- Directed by: Nilaanjan Reeta Datta
- Written by: Nilaanjan Reeta Datta; Raaghav Dar; Bhushan Ingole;
- Based on: Secret killings of Assam
- Produced by: Munna Bhagat; Nilaanjan Reeta Datta; Navnita Sen; Siddharth Mahajan; Rahul Kapoor; Shitiz Jain; Anil Goswami; Rassmin Bora;
- Starring: Anurag Sinha; Mishti Chakraborty; Saharsh Kumar Shukla; Hemant Kher; Rakesh Chaturvedi;
- Cinematography: Gargey Trivedi
- Edited by: Navnita Sen
- Music by: Ashu Chakraborty
- Production companies: Finchbill Motion Pictures Rocking Rickshaw Contento Media
- Distributed by: Finchbill Motion Pictures
- Release date: 9 December 2022;
- Running time: 126 minutes
- Country: India
- Language: Hindi
- Box office: ₹1.5 crore

= Shadow Assassins =

2022 Hindi movie

Shadow Assassins (2022) is a 2022 Indian action thriller film directed by Nilaanjan Reeta Datta and written by Nilaanjan Reeta Datta, Raaghav Dar and Bhushan Ingole. The film is based on 1990s Secret killings of Assam.

== Plot ==
The story of the film narrates about Nirbhay Kalita. Kalita leaves his home in Guwahati, Assam, with dreams of starting a new chapter in life on a college campus in Pune, Maharashtra. But his life gets stuck in the world of vengeance when his near and dear ones are assassinated.

== Cast ==
- Anurag Sinha as Nirbhay kalita
- Mishti Chakraborty as Rimli Bora
- Hemant Kher as Dr.Dhiren Kalita
- Rakesh Chaturvedi Om as Police Inspector
- Ranjeev lal Baruah as Bhavik
- Monuj Borkotoky as Debojit
- Ranjita Boruah as Puravi Kalita
- Stuti Choudhury as Ratna Kalita
- Bibhuti Bhushan Hazarika as News Editor
- Rohit Kp as Chinmoy
- Soumya Mukherjee as Rishab Banerjee
- KP Sandhu as Neeraj Deka
- Saharsh Kumar Shukla as Kamal Sharma
- Akash Sinha as Mukul
- Violet Nazir Tiwari as Mother

== Release ==
The film was released in theatres on 9 December 2022. The film released in Singapore on 9 February.

== Reception ==
Komal Nahta for "Film Information" wrote "Shadow Assassins is for a thin section of the audience in Assam only, because the story is about happenings in that state.

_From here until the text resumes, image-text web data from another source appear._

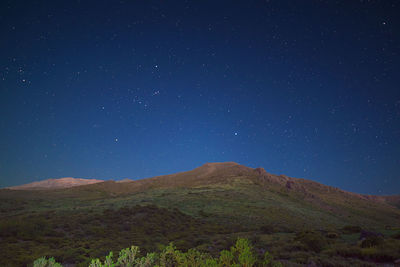 Scenic view of mountains against sky at night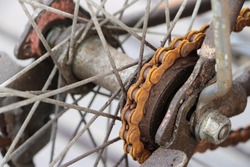 Closed up of rusty bicycle rear wheel, include chain, chain ring,
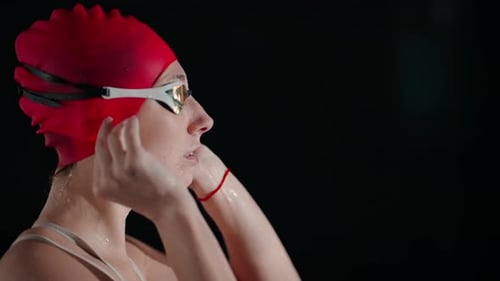 Athletic Woman Swimmer In Red Swimsuit Swimming Cap And Goggles In Pool Medium Side Portrait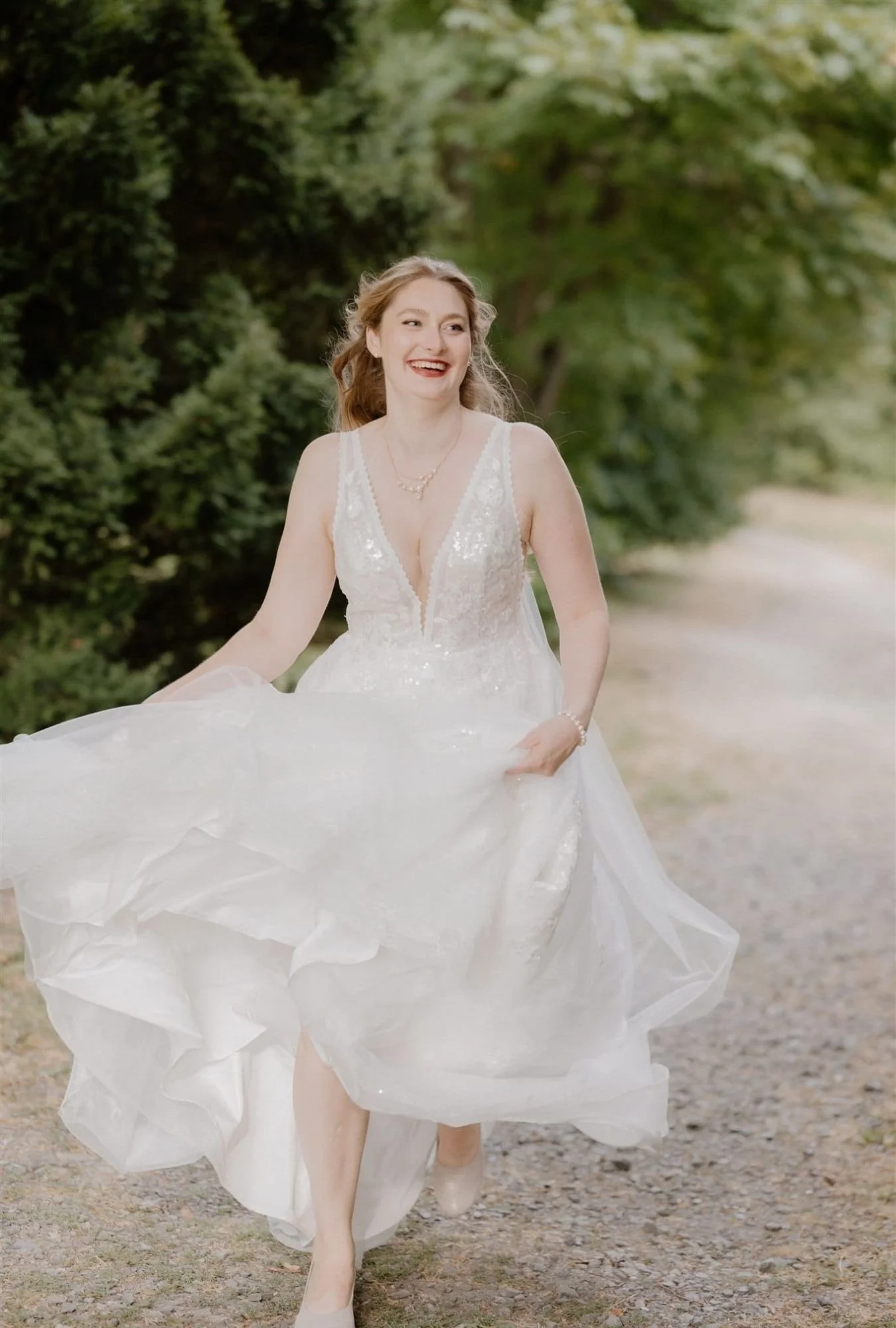 Braut rennt lachend mit wehendem Kleid im sanften Gegenlicht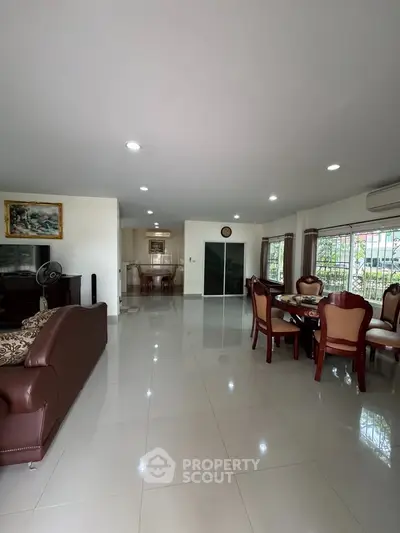Spacious open-plan living and dining area with elegant furniture and natural light.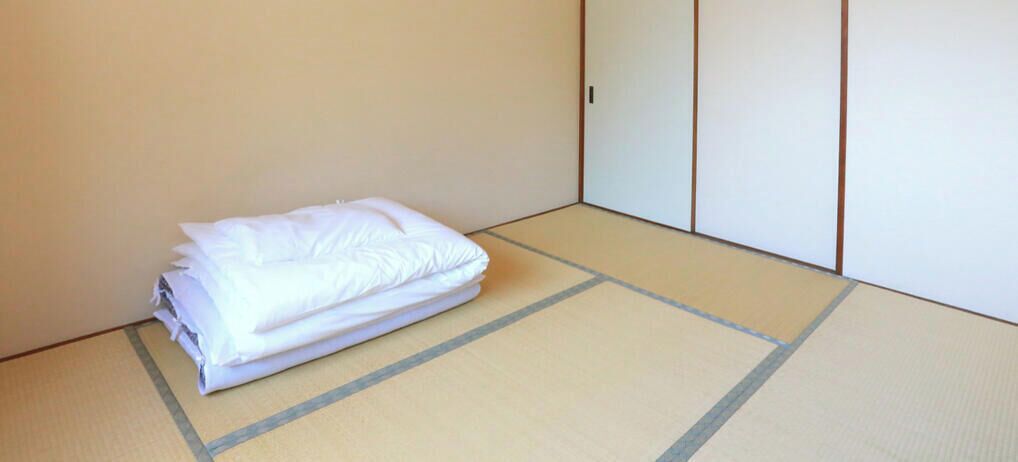 A room with tatami flooring, a neatly folded white bed, and a traditional sliding door.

For the rest of the world, there’s precious little in the film. Flop." Pravasi Express wrote "Singaporean actor, KP Sandhu stars in a pivotal role as Neeraj Deka, a ruthless anti-ULFA radical who goes to extreme lengths to hinder the movement. The film’s moving soundtrack by Javed Ali and Ashu Chakraborty has also received international acclaim." Ambar Chatterjee for EastMojo wrote "I watched Shadow Assassins in a practically empty theatre. This brings me to the point that I have raised numerous times before. We have to support our regional cinema and our own stories. If a film like this fails at the box office, it will deter many others from making films on similar subjects or on Assam as a whole."

Anurag Sinha wins Best Actor Award for his portrayal of ‘Nirbhay Kalita’ at New Jersey Indian & International Film Festival and Alternative Film Festival, Toronto in 2023.